What kind of plants were you using? Aside from the rotala and eleocharis mini.


----------



## Marc Davis (Aug 2, 2018)

OVT said:


> Nice video and the tank is looking good.
> Let's see how it progresses.





JMCMark said:


> Beautiful set up. I'm curious too see how the algae growth will be like due to it being a walstad method in a nano cube. I'll be waiting for the future videos on that project.
> 
> What kind of plants were you using? Aside from the rotala and eleocharis mini.


I'll get back to you shortly on the plants as ill need to look them up as ive forgotten the names (all plants apart from the eleocharis are trimmings from my discus tank (video on my channel as well).

Im also interested in the algae growth

I'm thinking possibly weekly updates for this with a 7 day time lapse and then a small bit of footage focusing on main changes each week. What do you guys think. Each video will include all previous time lapse's so we always get a full over view. Thoughts?


----------



## aubie98 (Apr 22, 2017)

Marc Davis said:


> I'll get back to you shortly on the plants as ill need to look them up as ive forgotten the names (all plants apart from the eleocharis are trimmings from my discus tank (video on my channel as well).
> 
> Im also interested in the algae growth
> 
> I'm thinking possibly weekly updates for this with a 7 day time lapse and then a small bit of footage focusing on main changes each week. What do you guys think. Each video will include all previous time lapse's so we always get a full over view. Thoughts?


Subscribed. Any plans on adding fauna?


----------



## JMCMark (Jul 12, 2018)

Marc Davis said:


> I'll get back to you shortly on the plants as ill need to look them up as ive forgotten the names (all plants apart from the eleocharis are trimmings from my discus tank (video on my channel as well).
> 
> Im also interested in the algae growth
> 
> I'm thinking possibly weekly updates for this with a 7 day time lapse and then a small bit of footage focusing on main changes each week. What do you guys think. Each video will include all previous time lapse's so we always get a full over view. Thoughts?
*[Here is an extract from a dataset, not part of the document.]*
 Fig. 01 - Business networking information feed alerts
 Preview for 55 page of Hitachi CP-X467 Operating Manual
Sounds great to me, but I bet it will be a lot of work for you in editing. I'll be sure to follow the progress!


----------



## Marc Davis (Aug 2, 2018)

​


aubie98 said:


> Subscribed. Any plans on adding fauna?


Thank you. Yes definitely. Not certain on stocking yet. Betta? Pea? shrimp and snail only? I was thinking just get the ball rolling first and then decide later. get the tank settled, but open to all suggestions.

Bump:


JMCMark said:


> Sounds great to me, but I bet it will be a lot of work for you in editing. I'll be sure to follow the progress!


No not at all. I made that whole video on my phone. Filming and editing. Took abut 5 hours of editing and 2 hours of filming.
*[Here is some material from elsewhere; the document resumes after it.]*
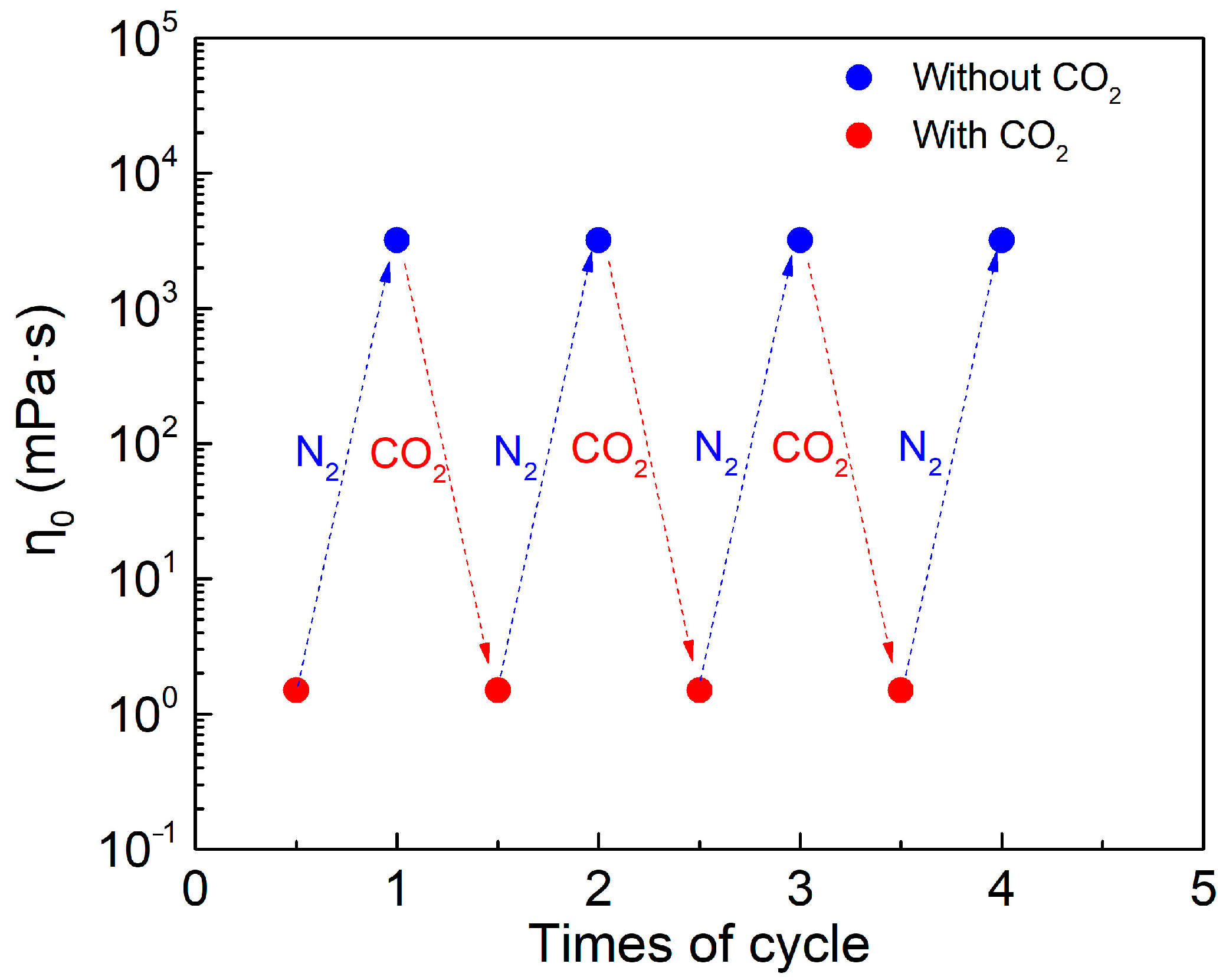 Molecules 27 07922 g002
....i suppose that is a long time but better than watching TV i guess.


----------



## aubie98 (Apr 22, 2017)

Marc Davis said:


> ​
> Thank you. Yes definitely. Not certain on stocking yet. Betta? Pea? shrimp and snail only? I was thinking just get the ball rolling first and then decide later. get the tank settled, but open to all suggestions.


A solo pea puffer would be cool, but they are relatively messy aren't they? I wonder how that would jive with the no-filter no-maintenance aspect of the tank. Admittedly, I have no experience with puffers, just relying on stuff I've read on the internet (which is always correct I'm told).

A betta would be cool too. I'm partial to a colony of neos and a couple of nerites (which is the fauna in my 4 gallon). Maybe a small school of chili rasbora?


----------



## Marc Davis (Aug 2, 2018)

aubie98 said:


> Marc Davis said:
> 
> 
> > ​
> ...


I think 3 chili rasbora could be great idea!!!


----------



## aubie98 (Apr 22, 2017)

Marc Davis said:


> I think 3 chili rasbora could be great idea!!!


how big is the tank? I think chilis would appreciate at least 5-6 for a small school, but then again, you might be setting up a degrading situation with the no filter situation.

Maybe neos are the way to go given their almost non-existent bioload.


----------



## Marc Davis (Aug 2, 2018)

aubie98 said:


> Marc Davis said:
> 
> 
> > I think 3 chili rasbora could be great idea!!!
> ...


 it's 2.5 gallons. So I could do 5 chili with twice a week water change once the tank has fully settled in and showing no ammonia. I will be adding snails for the update next monday to start cycling the tank.


----------



## Marc Davis (Aug 2, 2018)

There is also the possibility of cpd's.....


----------



## DimitriSF (Oct 28, 2017)

Looks great! I also just set up a "filterless" nano cube using the Walstad method.

Feel free to PM me, if you have any questions about anything. E.g. cycling the tank; bioload, etc. Not an expert, but I'm already a few weeks into the cycling process, so I've encountered and overcome challenges that you may also encounter.


BTW, just to clarify: you DO have a filter. In fact, you have several very powerful filters in that tank: the plants. Nature's super filters.

D


----------



## Tiger15 (Jan 7, 2018)

If you can situate your cube next to a window to get some sunlight, you can achieve one more NO (no artificial light).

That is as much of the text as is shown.